Later on I will be joining my colleagues in polar research as we discuss a new Polar Hub to facilitate working together and sharing resources in this incredible part of the world.
Coming up next week, the first virtual National Geographic Explorers Festival has over 6000 explorers invited and I am excited to attend.
In 2016, a National Geographic Research and Exploration grant, in combination with the Polar Continental Shelf Program and the NSF division of Polar Programs, funded my field season at three sites in the Canadian Arctic Archipelago – Beaver Pond, Fyles Leaf Beds, and Ekblaw.

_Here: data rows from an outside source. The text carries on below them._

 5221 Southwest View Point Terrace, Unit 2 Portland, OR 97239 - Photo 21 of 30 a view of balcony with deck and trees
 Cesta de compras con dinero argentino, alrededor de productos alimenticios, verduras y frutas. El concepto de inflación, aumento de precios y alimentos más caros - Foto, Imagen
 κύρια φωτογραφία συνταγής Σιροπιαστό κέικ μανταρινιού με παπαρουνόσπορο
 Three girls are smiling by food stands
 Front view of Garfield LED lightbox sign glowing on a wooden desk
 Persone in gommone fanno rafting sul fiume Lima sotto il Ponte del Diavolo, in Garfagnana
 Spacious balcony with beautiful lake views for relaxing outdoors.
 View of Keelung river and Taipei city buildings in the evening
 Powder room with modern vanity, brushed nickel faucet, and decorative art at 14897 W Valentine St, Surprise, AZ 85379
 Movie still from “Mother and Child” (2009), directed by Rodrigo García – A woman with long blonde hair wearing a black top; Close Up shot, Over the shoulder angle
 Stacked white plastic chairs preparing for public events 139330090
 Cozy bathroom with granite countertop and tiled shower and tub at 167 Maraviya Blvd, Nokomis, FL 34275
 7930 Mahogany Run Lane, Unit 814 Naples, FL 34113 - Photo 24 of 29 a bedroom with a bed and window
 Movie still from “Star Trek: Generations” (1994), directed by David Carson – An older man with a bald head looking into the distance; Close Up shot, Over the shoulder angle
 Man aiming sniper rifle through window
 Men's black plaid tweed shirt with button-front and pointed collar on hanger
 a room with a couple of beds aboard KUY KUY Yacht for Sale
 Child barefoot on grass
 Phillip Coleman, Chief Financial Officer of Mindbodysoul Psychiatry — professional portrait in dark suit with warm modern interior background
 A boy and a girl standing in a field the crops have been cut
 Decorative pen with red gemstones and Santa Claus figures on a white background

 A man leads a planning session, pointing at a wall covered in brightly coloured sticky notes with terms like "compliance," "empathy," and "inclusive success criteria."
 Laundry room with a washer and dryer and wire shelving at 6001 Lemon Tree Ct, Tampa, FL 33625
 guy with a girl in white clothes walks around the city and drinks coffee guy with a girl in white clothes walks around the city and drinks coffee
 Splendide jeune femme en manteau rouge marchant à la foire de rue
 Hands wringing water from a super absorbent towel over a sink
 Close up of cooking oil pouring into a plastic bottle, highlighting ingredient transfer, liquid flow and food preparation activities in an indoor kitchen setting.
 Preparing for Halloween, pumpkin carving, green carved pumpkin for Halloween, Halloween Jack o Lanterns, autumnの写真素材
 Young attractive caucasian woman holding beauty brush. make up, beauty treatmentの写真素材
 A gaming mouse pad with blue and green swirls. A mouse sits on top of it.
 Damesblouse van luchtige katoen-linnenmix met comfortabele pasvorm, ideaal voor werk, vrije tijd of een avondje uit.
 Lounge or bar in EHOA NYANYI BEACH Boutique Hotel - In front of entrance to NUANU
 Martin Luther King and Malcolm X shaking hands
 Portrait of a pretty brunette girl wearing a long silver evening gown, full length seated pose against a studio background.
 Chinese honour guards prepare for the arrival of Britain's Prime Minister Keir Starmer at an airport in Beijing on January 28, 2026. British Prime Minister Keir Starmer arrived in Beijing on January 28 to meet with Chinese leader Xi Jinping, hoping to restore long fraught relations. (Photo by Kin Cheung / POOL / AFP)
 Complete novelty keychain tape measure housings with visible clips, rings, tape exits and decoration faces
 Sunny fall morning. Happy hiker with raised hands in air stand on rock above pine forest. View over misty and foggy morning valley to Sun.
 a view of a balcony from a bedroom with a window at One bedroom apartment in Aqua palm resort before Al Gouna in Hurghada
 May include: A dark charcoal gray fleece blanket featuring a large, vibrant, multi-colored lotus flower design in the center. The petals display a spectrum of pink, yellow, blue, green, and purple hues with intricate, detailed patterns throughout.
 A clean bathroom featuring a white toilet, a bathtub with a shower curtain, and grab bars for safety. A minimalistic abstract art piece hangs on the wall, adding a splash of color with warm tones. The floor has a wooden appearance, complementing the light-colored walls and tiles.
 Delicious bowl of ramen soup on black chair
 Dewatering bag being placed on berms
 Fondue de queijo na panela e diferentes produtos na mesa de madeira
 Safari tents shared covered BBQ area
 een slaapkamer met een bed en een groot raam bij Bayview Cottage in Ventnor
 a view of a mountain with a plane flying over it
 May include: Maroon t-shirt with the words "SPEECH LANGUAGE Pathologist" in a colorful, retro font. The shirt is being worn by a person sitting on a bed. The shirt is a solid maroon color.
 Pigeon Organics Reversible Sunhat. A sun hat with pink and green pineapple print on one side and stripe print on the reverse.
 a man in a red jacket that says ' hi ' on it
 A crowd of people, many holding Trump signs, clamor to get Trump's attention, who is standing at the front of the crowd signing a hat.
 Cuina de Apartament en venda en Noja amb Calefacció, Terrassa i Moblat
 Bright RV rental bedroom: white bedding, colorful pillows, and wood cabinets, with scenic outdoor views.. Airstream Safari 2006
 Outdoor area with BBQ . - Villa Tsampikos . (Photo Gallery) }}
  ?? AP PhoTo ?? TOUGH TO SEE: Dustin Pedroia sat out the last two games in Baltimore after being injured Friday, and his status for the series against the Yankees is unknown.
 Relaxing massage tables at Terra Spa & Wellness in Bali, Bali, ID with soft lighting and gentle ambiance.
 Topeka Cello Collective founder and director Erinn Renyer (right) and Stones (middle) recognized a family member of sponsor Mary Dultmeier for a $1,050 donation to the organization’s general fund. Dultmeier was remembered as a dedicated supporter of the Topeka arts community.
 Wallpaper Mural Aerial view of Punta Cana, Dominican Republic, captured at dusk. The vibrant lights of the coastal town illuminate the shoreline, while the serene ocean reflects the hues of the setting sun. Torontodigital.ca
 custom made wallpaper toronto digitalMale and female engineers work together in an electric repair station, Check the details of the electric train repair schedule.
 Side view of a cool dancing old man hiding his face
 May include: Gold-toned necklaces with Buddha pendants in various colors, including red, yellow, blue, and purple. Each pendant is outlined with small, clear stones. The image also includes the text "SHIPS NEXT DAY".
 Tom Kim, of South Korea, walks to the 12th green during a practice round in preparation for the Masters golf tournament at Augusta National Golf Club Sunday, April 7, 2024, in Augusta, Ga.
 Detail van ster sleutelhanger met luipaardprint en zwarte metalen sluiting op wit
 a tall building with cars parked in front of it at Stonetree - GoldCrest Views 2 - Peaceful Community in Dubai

Five years, three international moves, and three fellowships later, the samples we took keep allowing me to answer questions about what the Arctic was like in the nearest analogue we have for our near future climate.
Although 5 years ago, National Geographic is still supporting my career with training in Effective Mapmaking, Advanced Storymaps with ESRI, and Making an Impact. I look forward to applying these new skills to my new research on palaeoclouds, as well as the related work we keep trickling out on fire in the Pliocene Arctic.
Clouds cause the greatest uncertainty in climate models, but we currently have no way of testing cloud model performance in a climate with higher CO2 than the historical records. Palaeontology gives us access to such a past, but currently, we don't have a method to reconstruct cloud in deep time.